Goal of the exercise: Write out only the tail of the records, beginning at the line containing "MSGM - FELPA/SWEATSHIRT - white - 0" and including the last line, exactly as written.

Saved entries:
== Segment start ==
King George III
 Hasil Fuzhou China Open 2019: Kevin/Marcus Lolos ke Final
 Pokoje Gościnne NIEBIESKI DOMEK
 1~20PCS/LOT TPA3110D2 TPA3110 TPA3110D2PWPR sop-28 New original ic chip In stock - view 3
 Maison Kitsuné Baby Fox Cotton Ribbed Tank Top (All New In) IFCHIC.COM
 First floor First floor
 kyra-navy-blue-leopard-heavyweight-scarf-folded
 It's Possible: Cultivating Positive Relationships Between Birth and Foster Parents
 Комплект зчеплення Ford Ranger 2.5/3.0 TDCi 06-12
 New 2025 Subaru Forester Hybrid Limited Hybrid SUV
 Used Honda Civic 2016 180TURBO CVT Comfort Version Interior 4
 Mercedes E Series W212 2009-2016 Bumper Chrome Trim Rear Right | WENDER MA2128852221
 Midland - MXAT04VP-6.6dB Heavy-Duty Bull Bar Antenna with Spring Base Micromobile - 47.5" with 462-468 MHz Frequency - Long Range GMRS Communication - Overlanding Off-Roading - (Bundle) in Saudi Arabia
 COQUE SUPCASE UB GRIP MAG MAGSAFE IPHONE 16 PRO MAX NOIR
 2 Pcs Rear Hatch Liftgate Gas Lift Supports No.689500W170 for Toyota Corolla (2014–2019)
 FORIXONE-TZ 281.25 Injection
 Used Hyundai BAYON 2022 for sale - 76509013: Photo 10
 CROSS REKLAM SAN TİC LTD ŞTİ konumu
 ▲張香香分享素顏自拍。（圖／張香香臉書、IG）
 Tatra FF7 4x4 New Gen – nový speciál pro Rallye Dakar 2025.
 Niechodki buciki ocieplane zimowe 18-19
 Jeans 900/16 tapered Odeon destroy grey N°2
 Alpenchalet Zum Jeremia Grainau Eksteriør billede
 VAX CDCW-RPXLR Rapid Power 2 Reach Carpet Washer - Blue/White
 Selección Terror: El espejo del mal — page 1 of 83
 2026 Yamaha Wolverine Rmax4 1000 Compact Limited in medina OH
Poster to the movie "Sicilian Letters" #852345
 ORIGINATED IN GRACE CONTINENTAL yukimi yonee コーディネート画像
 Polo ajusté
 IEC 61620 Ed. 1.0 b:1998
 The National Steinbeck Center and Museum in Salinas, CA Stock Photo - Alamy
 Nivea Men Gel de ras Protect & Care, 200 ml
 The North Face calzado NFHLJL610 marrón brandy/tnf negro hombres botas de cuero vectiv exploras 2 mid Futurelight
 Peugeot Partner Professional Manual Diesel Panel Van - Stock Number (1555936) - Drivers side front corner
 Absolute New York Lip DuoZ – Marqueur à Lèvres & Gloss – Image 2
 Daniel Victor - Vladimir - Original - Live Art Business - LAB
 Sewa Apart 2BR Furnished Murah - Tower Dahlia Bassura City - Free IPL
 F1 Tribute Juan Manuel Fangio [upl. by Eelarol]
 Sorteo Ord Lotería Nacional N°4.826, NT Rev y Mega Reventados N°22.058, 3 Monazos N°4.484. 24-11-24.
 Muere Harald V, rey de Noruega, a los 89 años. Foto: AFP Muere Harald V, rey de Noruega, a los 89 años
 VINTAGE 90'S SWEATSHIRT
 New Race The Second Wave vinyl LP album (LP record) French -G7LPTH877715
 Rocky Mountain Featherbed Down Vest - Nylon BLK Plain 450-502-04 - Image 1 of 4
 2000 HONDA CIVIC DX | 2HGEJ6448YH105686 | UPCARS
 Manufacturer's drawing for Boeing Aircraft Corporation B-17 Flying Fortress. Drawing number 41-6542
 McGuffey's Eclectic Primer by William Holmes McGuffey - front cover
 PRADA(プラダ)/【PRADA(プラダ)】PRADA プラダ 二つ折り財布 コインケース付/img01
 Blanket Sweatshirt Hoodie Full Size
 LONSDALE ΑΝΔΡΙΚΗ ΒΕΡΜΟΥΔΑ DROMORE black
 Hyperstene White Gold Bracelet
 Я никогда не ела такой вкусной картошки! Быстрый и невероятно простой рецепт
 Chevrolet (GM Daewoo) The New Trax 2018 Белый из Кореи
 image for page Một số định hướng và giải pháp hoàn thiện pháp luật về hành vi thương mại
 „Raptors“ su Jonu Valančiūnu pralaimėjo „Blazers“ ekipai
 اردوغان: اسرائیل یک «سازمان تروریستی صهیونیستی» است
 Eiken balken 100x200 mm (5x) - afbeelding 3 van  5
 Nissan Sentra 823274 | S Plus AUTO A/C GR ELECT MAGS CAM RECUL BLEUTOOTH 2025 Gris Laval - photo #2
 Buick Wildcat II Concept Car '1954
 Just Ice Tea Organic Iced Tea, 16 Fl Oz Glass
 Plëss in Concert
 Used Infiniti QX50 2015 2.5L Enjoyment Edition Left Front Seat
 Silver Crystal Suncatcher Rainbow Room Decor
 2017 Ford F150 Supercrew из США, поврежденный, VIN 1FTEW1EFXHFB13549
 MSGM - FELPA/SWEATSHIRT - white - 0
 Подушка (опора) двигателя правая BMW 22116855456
== Segment end ==
Exercise answer:
 MSGM - FELPA/SWEATSHIRT - white - 0
 Подушка (опора) двигателя правая BMW 22116855456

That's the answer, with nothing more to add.